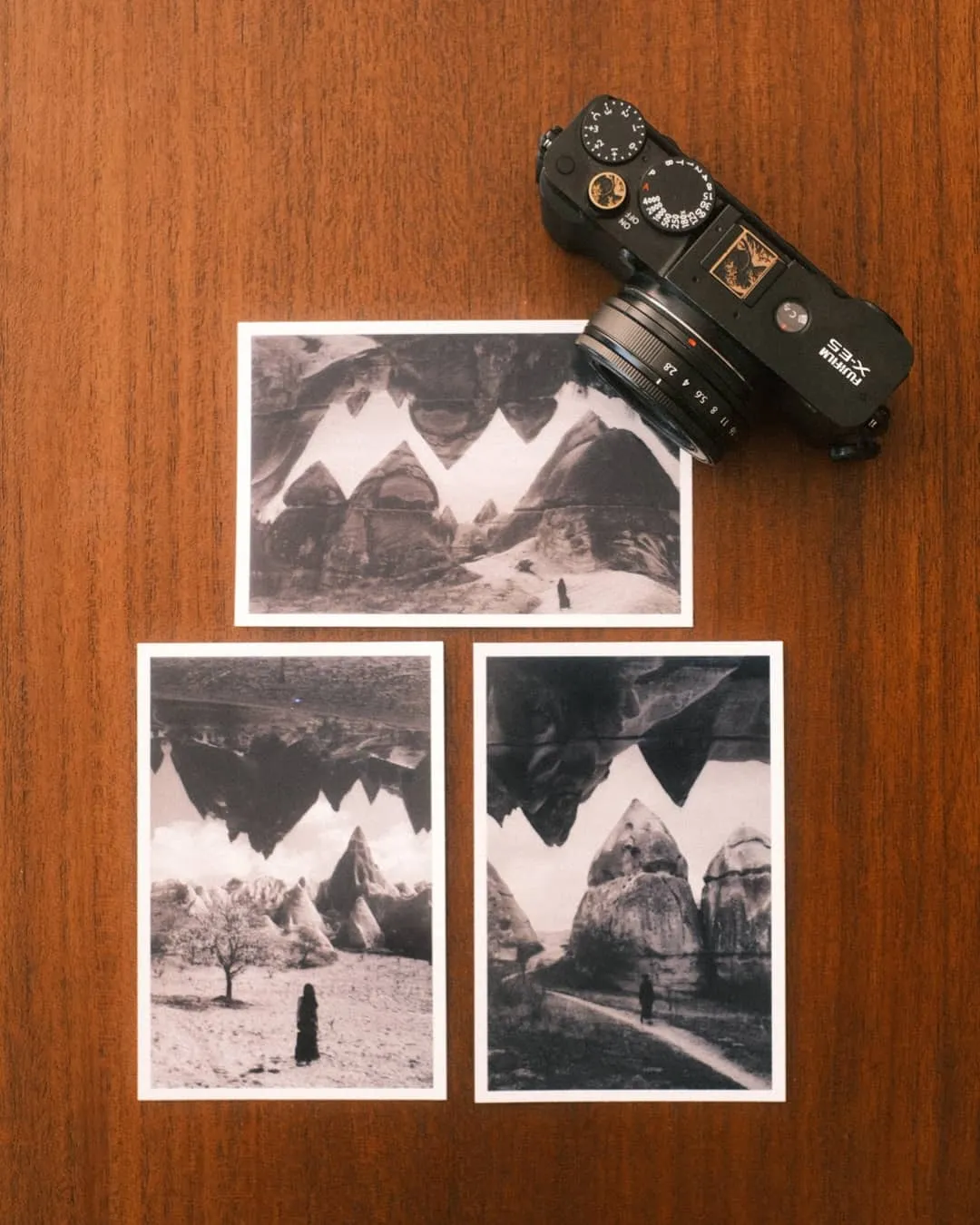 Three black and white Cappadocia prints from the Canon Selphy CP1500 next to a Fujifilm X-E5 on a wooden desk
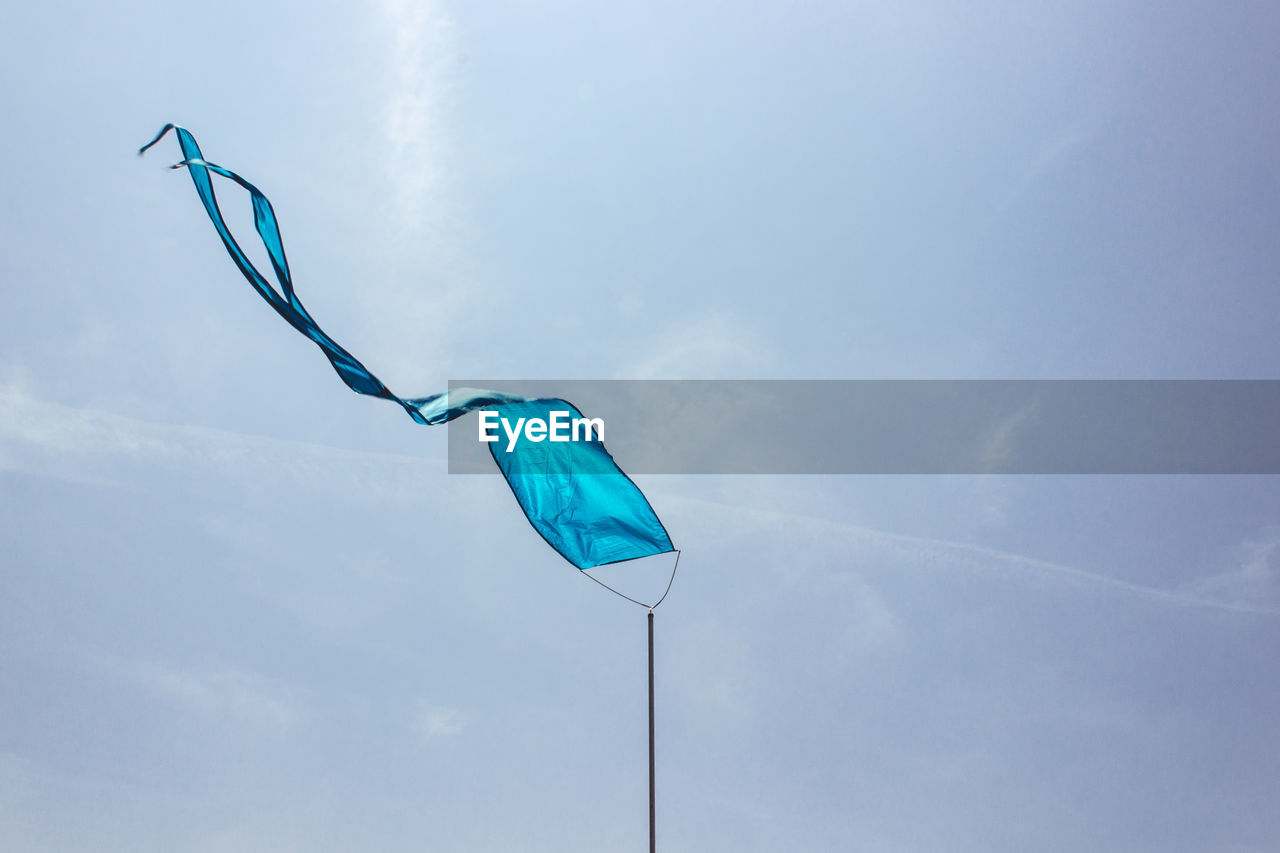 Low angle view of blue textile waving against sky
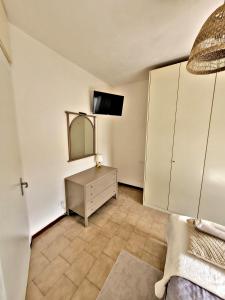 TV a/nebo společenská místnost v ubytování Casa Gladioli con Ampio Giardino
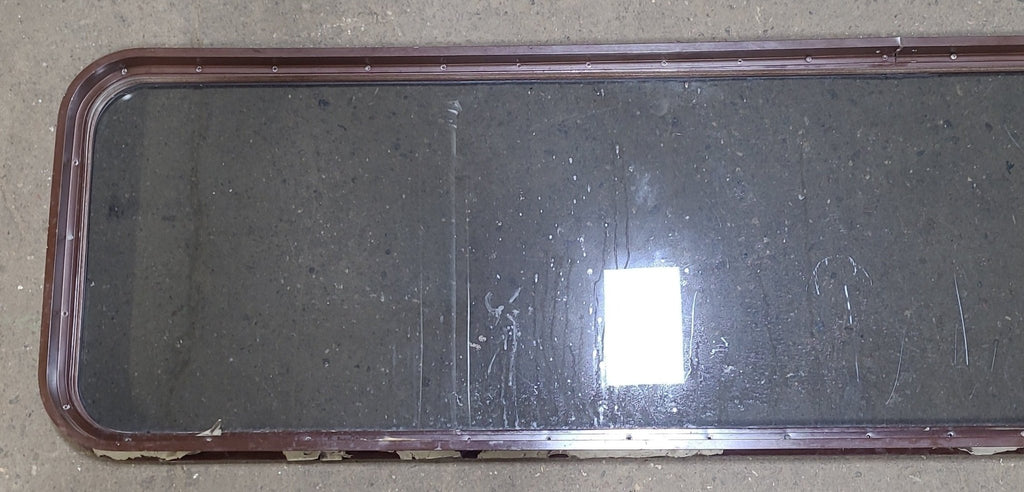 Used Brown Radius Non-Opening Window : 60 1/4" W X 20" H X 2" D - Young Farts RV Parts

» **Work required**: Working from the material above, transcribe it exactly while omitting pictures.

» **Answer section**:
 Three black and white Cappadocia prints from the Canon Selphy CP1500 next to a Fujifilm X-E5 on a wooden desk
 Low angle view of blue textile waving against sky
 TV a/nebo společenská místnost v ubytování Casa Gladioli con Ampio Giardino
 Used Brown Radius Non-Opening Window : 60 1/4" W X 20" H X 2" D - Young Farts RV Parts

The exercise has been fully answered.